イマワノキワ

TRPGやアニメのことをガンガン書き連ねていくコバヤシのブログ

機動戦士ガンダム 鉄血のオルフェンズ:第14話『希望を運ぶ船』感想

希望と絶望が交錯したブルワーズ編も終わり、OP/EDも新しいの仕立ててさー2クール目だ! なオルフェンズ。
無法が支配する辺境から文明圏に入ったことで少し落ち着くのかなあと思っていたら、虐げられた労働者による武力闘争あり、それを利用したハメてありで、どこもかしこも対して変わらねぇ地獄だな! って話でした。
この話厳しい世界のお話なので主役としてクローズアップされるとろくでもない事が起きるわけですが、コロニー編はよりにもよって俺のビスケがメインっぽくて、マジ勘弁してくださいって感じだ。
タイトルが『希望を運ぶ船』なのに、実際運んでるのは武器と火種と陰謀っていうギャップが、最高に性格悪くて素晴らしい。

食い詰め者のゴミクズ集団として世間から爪弾きにされてきた鉄華団ですが、今回は盛大にウェルカムされて大満足……とは行かないのがこのアニメ。
現実を誇張した英雄視は非常に座りが悪く、それが正体を隠した存在による情報捜査の結果とあっちゃあ、褒められても全く嬉しくないわけです。
嫌な予感は見事に的中し、キッチリ型に嵌められパブリック・エネミー一歩手前まで、あっという間に追いつめられてしまいました。
今回の件の裏に誰がいるかは、容疑者が多すぎて特定できませんが、なかなかの政治的手腕と陰謀構築能力があるのは間違いないようです。

黒幕の狙い通り不満を煽られ、銃やMWというインスタントな暴力に酔っ払う労働者達は、鉄華団に共感を寄せてくれます。
しかしその姿はこれまで見てきた鉄華団と似ているようでやっぱり違っていて、盤上この一手で暴力を選択する以外道がなかった彼らに比べると、労働者達はそこまで追い詰められてもいないし、暴力を嫌悪しているようにも見えない。
その脳天気な破滅願望がコロニーという場所から来るのか、はたまた彼らを政治ゲームのコマにしている存在の効果的な操作から来ているのかは、現状では読みきれません。
ただまぁ、鉄華団に対して思うような『ゴミみたいな世界だけど、頑張れよ』という感情が湧いてこない集団ではあって、それは多分製作者の狙い通りなんでしょう。
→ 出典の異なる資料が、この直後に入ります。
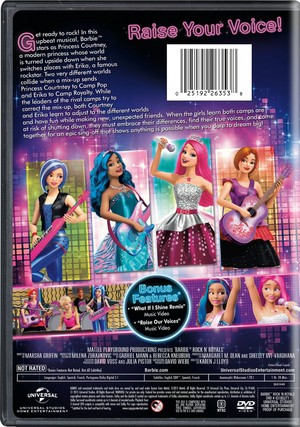 Barbie in Rock 'N Royals - The Back of The DVD Disc
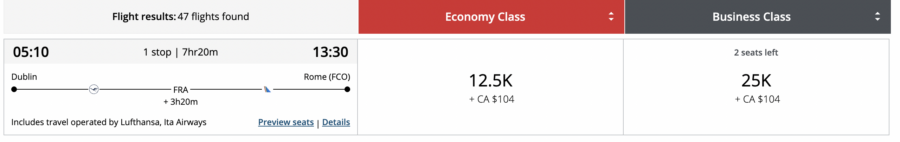 Air Canada booking result showing flights between Dublin and Rome for 12,500 economy and 25,000 business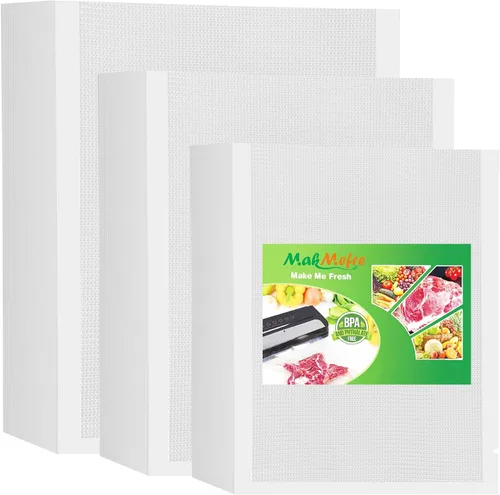 MakMeFre 150 bolsas selladoras al vacío, 50 de cada tamaño, 50 pintas de 6 x 10 pulgadas, 50 cuartos de galón de 8 x 12 pulgadas y 50 galones, 11 x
流れるようなハメ手に首まで浸かったオルガですが、流石に鼻は良くて対応も早い。
ステープルトンさんに船とメンバーを預け、即座に離脱させる判断をしているところとかは、頭の回転の速さと同時に生まれつつある信頼関係を思わせました。
ここでお嬢と一緒にぶっ殺されると最高に美味しい状態に追い詰められているわけですが、華麗な逆転を期待したいところです。
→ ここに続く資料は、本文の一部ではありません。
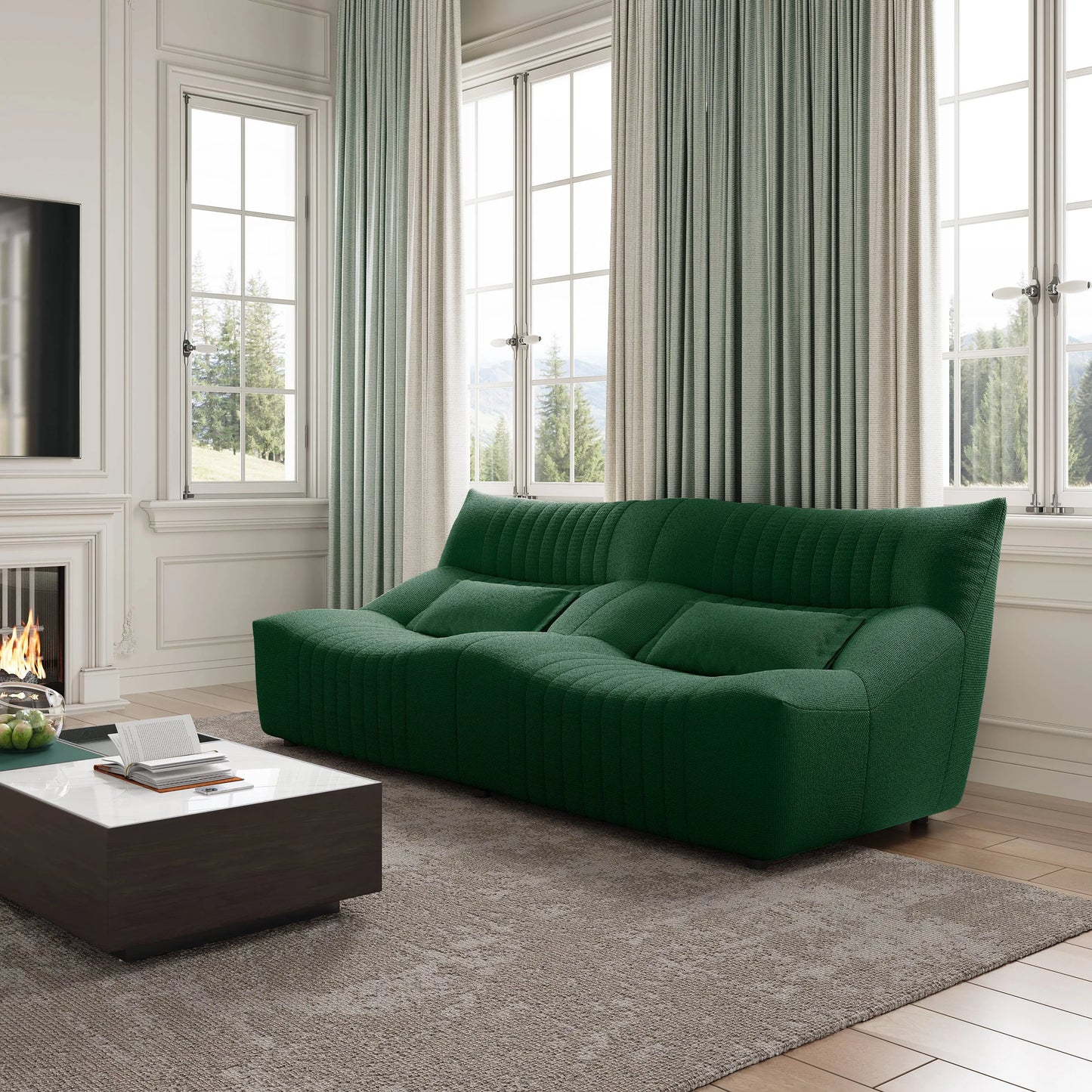 88-inch Modern Country Harp Pattern Three-Seater Sofa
反乱に巻き込まれて死ぬところだったお嬢ですが、空気を読まない買い物提案と、フミタンの気の迷いで運命をねじ曲げていました。
アトラ-クーデリア-フミタンの女連合が『男臭さ』を排除するべく連合するところは、鉄華団に漂う危うい連帯感をいい意味でぶち壊しにかかる頼もしさがあって、結構好きです。
なんていうのかな、男臭いままだったら『みんなで一緒に死のう!』って空気になったら一気にタナトス方面に雪崩落ちしそうな気配があるんだけど、女達が元気なおかげで歯止めがかかりそうな安心感というか。
ステープルトンさんもそうですが、集団の中に異物があることの意味、一色に染まらないことの有用性をちゃんと描いているのは、群像劇として安心できるところです。

同時にお嬢は年相応な所と、恋に戸惑うチョロ蔵っぷりをこれでもかと見せつけ、アトラを凄い勢いで周回遅れにしてました。
急なラブコメ濃度の上昇にヤバイ反応が出ちゃいましたけど、お嬢が可愛いのは良いことだ。
陰謀がヒタヒタと迫る中脳天気にラブでコメってて大丈夫なの? とは思うが、野生動物より殺意に敏感なミカがお相手なので、まぁどうにかなんだろ。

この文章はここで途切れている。